*** Opening of MATERIAL PROVIDED ***

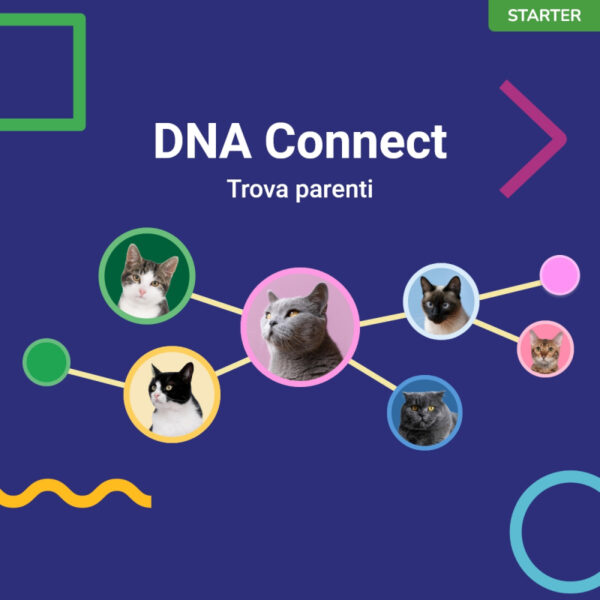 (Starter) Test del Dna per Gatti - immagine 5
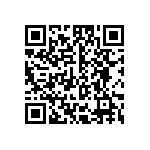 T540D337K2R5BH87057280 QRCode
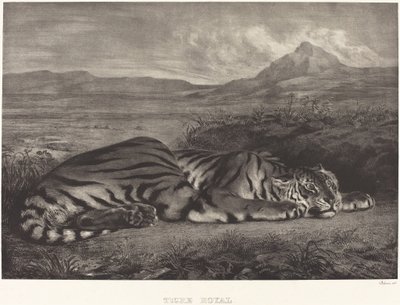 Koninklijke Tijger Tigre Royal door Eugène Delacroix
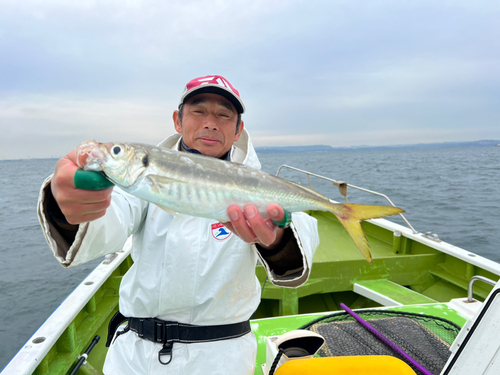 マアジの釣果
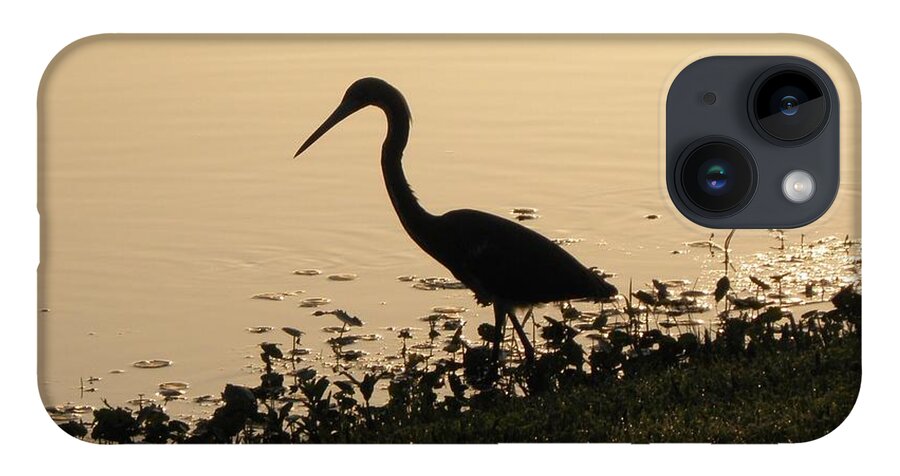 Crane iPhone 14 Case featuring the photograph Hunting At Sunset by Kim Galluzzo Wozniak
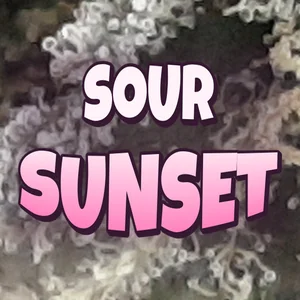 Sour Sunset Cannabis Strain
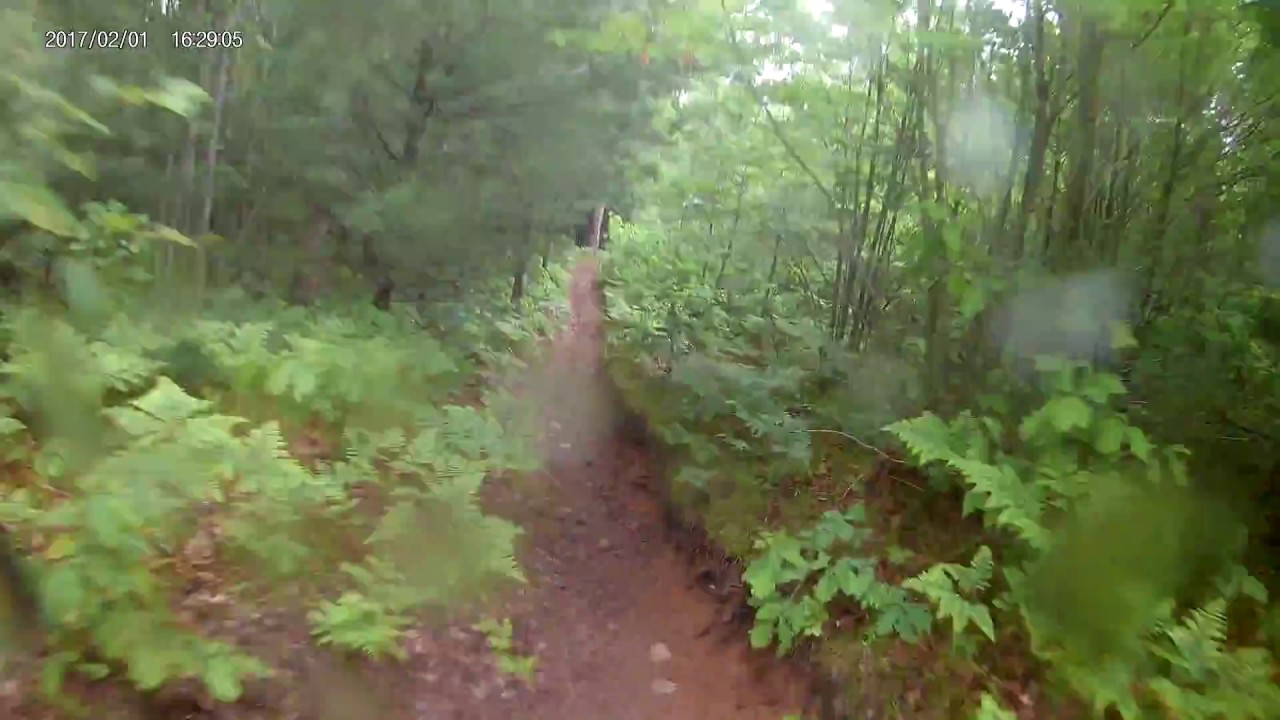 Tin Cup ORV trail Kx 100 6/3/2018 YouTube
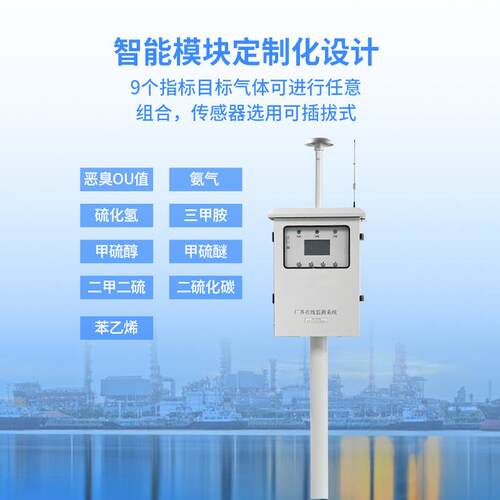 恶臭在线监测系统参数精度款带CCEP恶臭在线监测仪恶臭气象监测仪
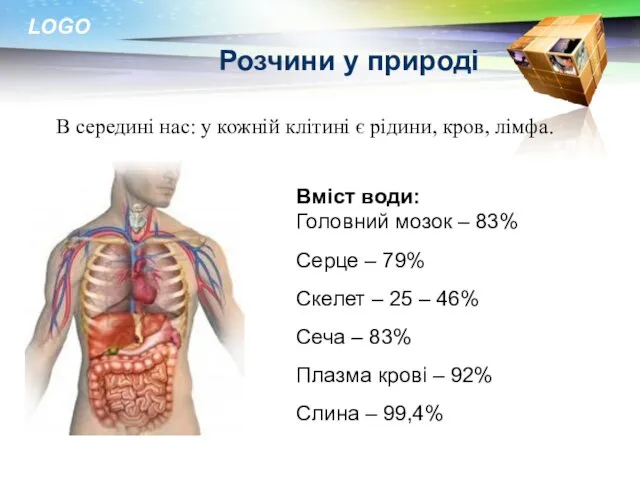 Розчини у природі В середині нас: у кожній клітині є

*** Close of MATERIAL PROVIDED ***

◆ **DIRECTIONS**
Begin with the line containing "Tin Cup ORV trail Kx 100 6/3/2018 YouTube" and end with the last line of the entries above. Copy those lines exactly, both ends included, and drop every picture.

◆ **RESPONSE TO THE EXERCISE**
 Tin Cup ORV trail Kx 100 6/3/2018 YouTube
 恶臭在线监测系统参数精度款带CCEP恶臭在线监测仪恶臭气象监测仪
 Розчини у природі В середині нас: у кожній клітині є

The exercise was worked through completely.